It's not too late to commit to writing a novel in 30 days! November is National Novel Writing Month, a popular writing initiative that takes the nation by storm each year, which was started a decade ago right here in the KC metro.
I bet you didn't know a NY Times Best-seller started as a Nanowrimo novel.
(How's that for inspiration?)
Want to test your mettle to see if you can write a novel in one month? Read the article below, sign up at nanowrimo.org , plan on attending some local write-in meetings and then this Saturday, start writing!
Good luck to all who participate!
Novel Concept: Writers sign up for Ambitious Writing Project
With a recent study showing more than 80 percent of Americans would like to write a book, it’s obviously a common goal for many.
So if you’re one of those who wants to write your own novel, get your laptop fired up — National Novel Writing Month is almost here.
The annual event, which goes by the shorthand NaNoWriMo, is pretty straight-forward: Write a 50,000-word novel during the month of November, then upload it to www.nanowrimo.org. A computer will count your words, and if you hit the 50,000-word mark, you’ll get a certificate.
“There’s no magic here,” says Chris Baty, a Prairie Village, Kan. native who founded the event. “All we’re doing is giving people a little bit of inspiration and a little structure.”
Baty, who now lives in San Francisco, started the writing event in 1999 with a group of friends. They picked 50,000 words as an arbitrary number that seemed attainable but would still qualify as a short novel.
It’s grown into a nonprofit organization and more than 101,000 people participated in 80 countries last year.
“We all have dozens of books in us,” Baty says. “Sometimes people get caught up by the fact that they don’t have THE idea, the book no one’s ever written before, and it has to appear before they start writing. That idea I don’t think ever comes. You just have to start writing.”
Some NaNoWriMo novelists have done just that and have had luck in the past. Baty says 27 manuscripts have been sold to publishers, and the event can now tout a New York Times best-seller: “Water for Elephants,” by Sara Gruen.

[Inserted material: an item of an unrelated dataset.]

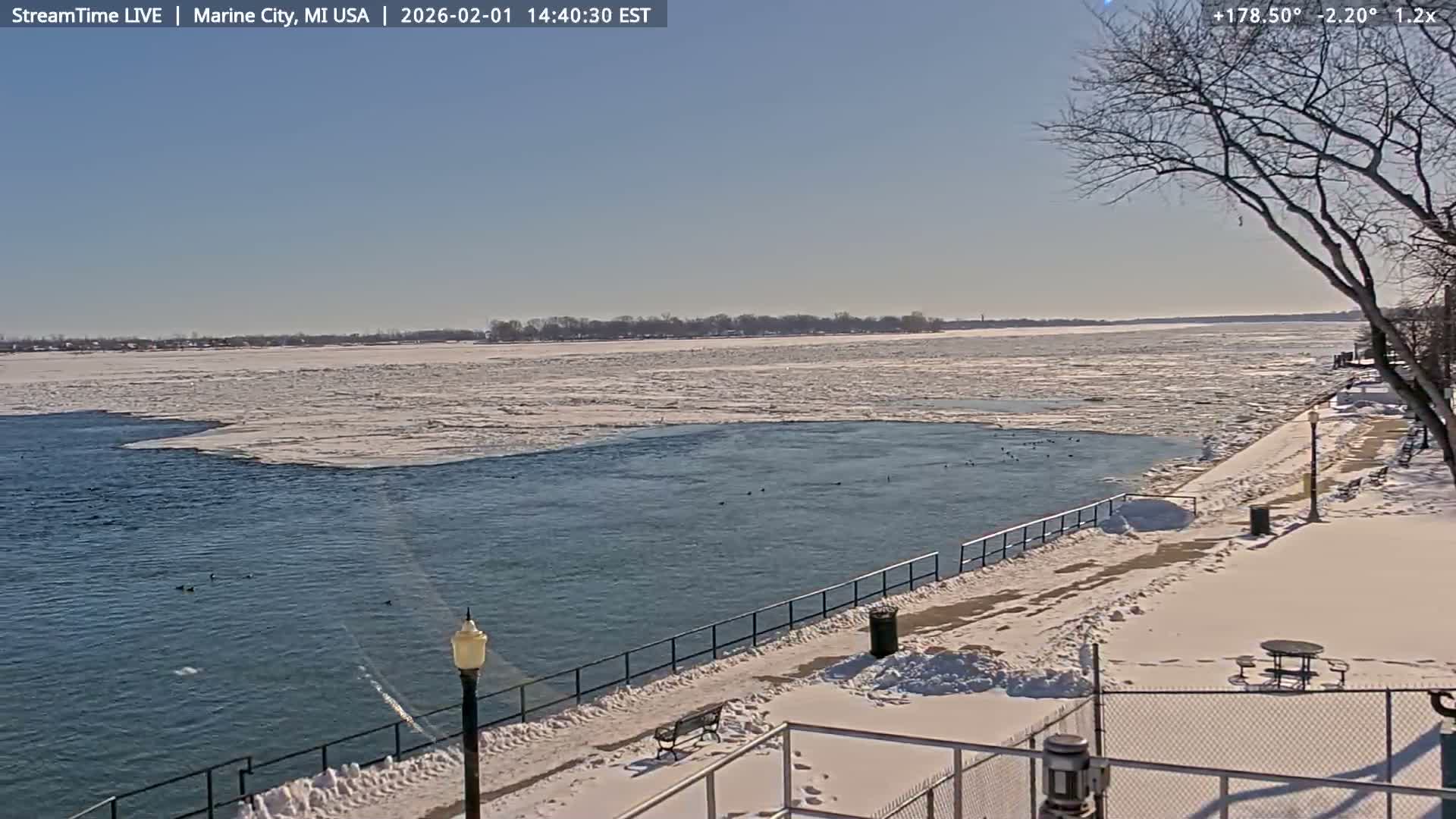 USA - Canada Border, Marine City Coast & St Clair River Live Cam - Marine City, St. Clair, Michigan, USA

The key, participants say, is not to worry about quality — just get words on paper. Writers that have been successful say there are different strategies to getting through.
Some days, people write a chapter that’s 3,000 words, which is a lot of output for a single day. The next day, they might write a single scene that’s much shorter. Another strategy is writing 1,667 words (roughly 5 pages) a day no matter what, which puts writers on pace to finish the novel by the end of the month.
And there are resources available. The organization’s Web site, has tips, forums, aids and also lists local write-ins that will happen in various cities across the globe. At the write-in events, NaNoWriMo participants can actually write, get inspiration from one another and bounce ideas off of each other.
‘Life of its own’
"If you want to participate and don’t have an idea, don’t fear," says Ted Boone who has participated in Nanowrimo before.
"I often don’t choose my topic until a day or two before Nov. 1. And even then, I don’t have the whole thing mapped out. I usually find I’ve got a good starting point, a couple of points in the middle I’d like to strike, and I know where I want to finish. Somewhere in the process, I’ll get to the point where I feel like I'm not telling the story. Literally the story will take on a life of its own.”